MATERIAL PROVIDED START

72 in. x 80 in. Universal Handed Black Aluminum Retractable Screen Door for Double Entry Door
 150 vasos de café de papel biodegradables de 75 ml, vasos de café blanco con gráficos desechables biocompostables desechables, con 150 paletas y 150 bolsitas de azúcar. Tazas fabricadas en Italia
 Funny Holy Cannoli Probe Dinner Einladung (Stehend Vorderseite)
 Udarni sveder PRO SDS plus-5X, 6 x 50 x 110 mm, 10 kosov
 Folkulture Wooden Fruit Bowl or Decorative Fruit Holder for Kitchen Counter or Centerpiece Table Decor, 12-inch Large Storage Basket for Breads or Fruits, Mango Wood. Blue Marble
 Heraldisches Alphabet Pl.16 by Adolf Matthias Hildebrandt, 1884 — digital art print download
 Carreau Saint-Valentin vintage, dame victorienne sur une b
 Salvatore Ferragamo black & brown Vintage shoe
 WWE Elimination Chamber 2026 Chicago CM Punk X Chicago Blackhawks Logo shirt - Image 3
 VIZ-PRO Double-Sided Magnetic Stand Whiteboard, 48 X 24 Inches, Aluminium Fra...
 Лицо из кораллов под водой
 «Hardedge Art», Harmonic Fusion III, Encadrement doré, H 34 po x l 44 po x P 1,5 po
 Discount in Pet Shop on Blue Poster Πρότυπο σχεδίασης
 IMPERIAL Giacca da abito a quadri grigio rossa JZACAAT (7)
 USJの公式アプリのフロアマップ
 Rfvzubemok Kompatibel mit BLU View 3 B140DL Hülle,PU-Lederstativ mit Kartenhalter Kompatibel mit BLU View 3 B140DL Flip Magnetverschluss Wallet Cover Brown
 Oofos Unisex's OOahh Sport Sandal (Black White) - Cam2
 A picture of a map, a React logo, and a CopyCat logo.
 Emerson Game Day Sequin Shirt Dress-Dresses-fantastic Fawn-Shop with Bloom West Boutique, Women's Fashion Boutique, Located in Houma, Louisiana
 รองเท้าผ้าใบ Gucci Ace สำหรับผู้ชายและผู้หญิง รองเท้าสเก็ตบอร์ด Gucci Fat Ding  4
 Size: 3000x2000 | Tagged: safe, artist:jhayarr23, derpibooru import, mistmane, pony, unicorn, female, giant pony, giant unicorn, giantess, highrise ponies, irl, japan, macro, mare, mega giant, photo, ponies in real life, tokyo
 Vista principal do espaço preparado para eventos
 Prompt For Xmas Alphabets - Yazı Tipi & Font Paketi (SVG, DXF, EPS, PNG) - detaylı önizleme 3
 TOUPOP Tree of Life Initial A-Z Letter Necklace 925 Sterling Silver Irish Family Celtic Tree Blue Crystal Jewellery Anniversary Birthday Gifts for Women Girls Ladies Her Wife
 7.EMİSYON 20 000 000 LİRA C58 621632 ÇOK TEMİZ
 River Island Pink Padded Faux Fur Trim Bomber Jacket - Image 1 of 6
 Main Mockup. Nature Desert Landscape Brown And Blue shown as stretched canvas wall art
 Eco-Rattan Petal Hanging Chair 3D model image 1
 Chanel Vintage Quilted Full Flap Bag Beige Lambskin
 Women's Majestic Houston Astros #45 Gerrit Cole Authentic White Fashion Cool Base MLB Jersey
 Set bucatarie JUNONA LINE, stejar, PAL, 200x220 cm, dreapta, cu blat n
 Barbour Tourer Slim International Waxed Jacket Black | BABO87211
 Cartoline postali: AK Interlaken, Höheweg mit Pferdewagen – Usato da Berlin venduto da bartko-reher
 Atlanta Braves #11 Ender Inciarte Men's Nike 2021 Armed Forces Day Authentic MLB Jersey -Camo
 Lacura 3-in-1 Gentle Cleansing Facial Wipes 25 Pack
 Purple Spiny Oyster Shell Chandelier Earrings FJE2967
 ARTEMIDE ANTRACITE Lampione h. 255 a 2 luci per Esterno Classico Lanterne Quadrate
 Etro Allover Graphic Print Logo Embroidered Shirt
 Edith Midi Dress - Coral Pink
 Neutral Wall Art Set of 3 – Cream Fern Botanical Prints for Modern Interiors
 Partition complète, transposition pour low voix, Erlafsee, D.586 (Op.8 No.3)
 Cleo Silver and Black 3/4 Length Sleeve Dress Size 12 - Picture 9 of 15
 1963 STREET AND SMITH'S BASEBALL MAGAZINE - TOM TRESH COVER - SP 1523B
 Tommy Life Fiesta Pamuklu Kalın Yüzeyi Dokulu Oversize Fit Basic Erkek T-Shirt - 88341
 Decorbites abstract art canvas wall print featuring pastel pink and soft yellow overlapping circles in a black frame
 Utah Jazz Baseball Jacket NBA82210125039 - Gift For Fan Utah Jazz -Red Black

MATERIAL PROVIDED END

> _THE TASK_:
The records above are to be duplicated in full and exactly.

> _YOUR SOLUTION_:
72 in. x 80 in. Universal Handed Black Aluminum Retractable Screen Door for Double Entry Door
 150 vasos de café de papel biodegradables de 75 ml, vasos de café blanco con gráficos desechables biocompostables desechables, con 150 paletas y 150 bolsitas de azúcar. Tazas fabricadas en Italia
 Funny Holy Cannoli Probe Dinner Einladung (Stehend Vorderseite)
 Udarni sveder PRO SDS plus-5X, 6 x 50 x 110 mm, 10 kosov
 Folkulture Wooden Fruit Bowl or Decorative Fruit Holder for Kitchen Counter or Centerpiece Table Decor, 12-inch Large Storage Basket for Breads or Fruits, Mango Wood. Blue Marble
 Heraldisches Alphabet Pl.16 by Adolf Matthias Hildebrandt, 1884 — digital art print download
 Carreau Saint-Valentin vintage, dame victorienne sur une b
 Salvatore Ferragamo black & brown Vintage shoe
 WWE Elimination Chamber 2026 Chicago CM Punk X Chicago Blackhawks Logo shirt - Image 3
 VIZ-PRO Double-Sided Magnetic Stand Whiteboard, 48 X 24 Inches, Aluminium Fra...
 Лицо из кораллов под водой
 «Hardedge Art», Harmonic Fusion III, Encadrement doré, H 34 po x l 44 po x P 1,5 po
 Discount in Pet Shop on Blue Poster Πρότυπο σχεδίασης
 IMPERIAL Giacca da abito a quadri grigio rossa JZACAAT (7)
 USJの公式アプリのフロアマップ
 Rfvzubemok Kompatibel mit BLU View 3 B140DL Hülle,PU-Lederstativ mit Kartenhalter Kompatibel mit BLU View 3 B140DL Flip Magnetverschluss Wallet Cover Brown
 Oofos Unisex's OOahh Sport Sandal (Black White) - Cam2
 A picture of a map, a React logo, and a CopyCat logo.
 Emerson Game Day Sequin Shirt Dress-Dresses-fantastic Fawn-Shop with Bloom West Boutique, Women's Fashion Boutique, Located in Houma, Louisiana
 รองเท้าผ้าใบ Gucci Ace สำหรับผู้ชายและผู้หญิง รองเท้าสเก็ตบอร์ด Gucci Fat Ding  4
 Size: 3000x2000 | Tagged: safe, artist:jhayarr23, derpibooru import, mistmane, pony, unicorn, female, giant pony, giant unicorn, giantess, highrise ponies, irl, japan, macro, mare, mega giant, photo, ponies in real life, tokyo
 Vista principal do espaço preparado para eventos
 Prompt For Xmas Alphabets - Yazı Tipi & Font Paketi (SVG, DXF, EPS, PNG) - detaylı önizleme 3
 TOUPOP Tree of Life Initial A-Z Letter Necklace 925 Sterling Silver Irish Family Celtic Tree Blue Crystal Jewellery Anniversary Birthday Gifts for Women Girls Ladies Her Wife
 7.EMİSYON 20 000 000 LİRA C58 621632 ÇOK TEMİZ
 River Island Pink Padded Faux Fur Trim Bomber Jacket - Image 1 of 6
 Main Mockup. Nature Desert Landscape Brown And Blue shown as stretched canvas wall art
 Eco-Rattan Petal Hanging Chair 3D model image 1
 Chanel Vintage Quilted Full Flap Bag Beige Lambskin
 Women's Majestic Houston Astros #45 Gerrit Cole Authentic White Fashion Cool Base MLB Jersey
 Set bucatarie JUNONA LINE, stejar, PAL, 200x220 cm, dreapta, cu blat n
 Barbour Tourer Slim International Waxed Jacket Black | BABO87211
 Cartoline postali: AK Interlaken, Höheweg mit Pferdewagen – Usato da Berlin venduto da bartko-reher
 Atlanta Braves #11 Ender Inciarte Men's Nike 2021 Armed Forces Day Authentic MLB Jersey -Camo
 Lacura 3-in-1 Gentle Cleansing Facial Wipes 25 Pack
 Purple Spiny Oyster Shell Chandelier Earrings FJE2967
 ARTEMIDE ANTRACITE Lampione h. 255 a 2 luci per Esterno Classico Lanterne Quadrate
 Etro Allover Graphic Print Logo Embroidered Shirt
 Edith Midi Dress - Coral Pink
 Neutral Wall Art Set of 3 – Cream Fern Botanical Prints for Modern Interiors
 Partition complète, transposition pour low voix, Erlafsee, D.586 (Op.8 No.3)
 Cleo Silver and Black 3/4 Length Sleeve Dress Size 12 - Picture 9 of 15
 1963 STREET AND SMITH'S BASEBALL MAGAZINE - TOM TRESH COVER - SP 1523B
 Tommy Life Fiesta Pamuklu Kalın Yüzeyi Dokulu Oversize Fit Basic Erkek T-Shirt - 88341
 Decorbites abstract art canvas wall print featuring pastel pink and soft yellow overlapping circles in a black frame
 Utah Jazz Baseball Jacket NBA82210125039 - Gift For Fan Utah Jazz -Red Black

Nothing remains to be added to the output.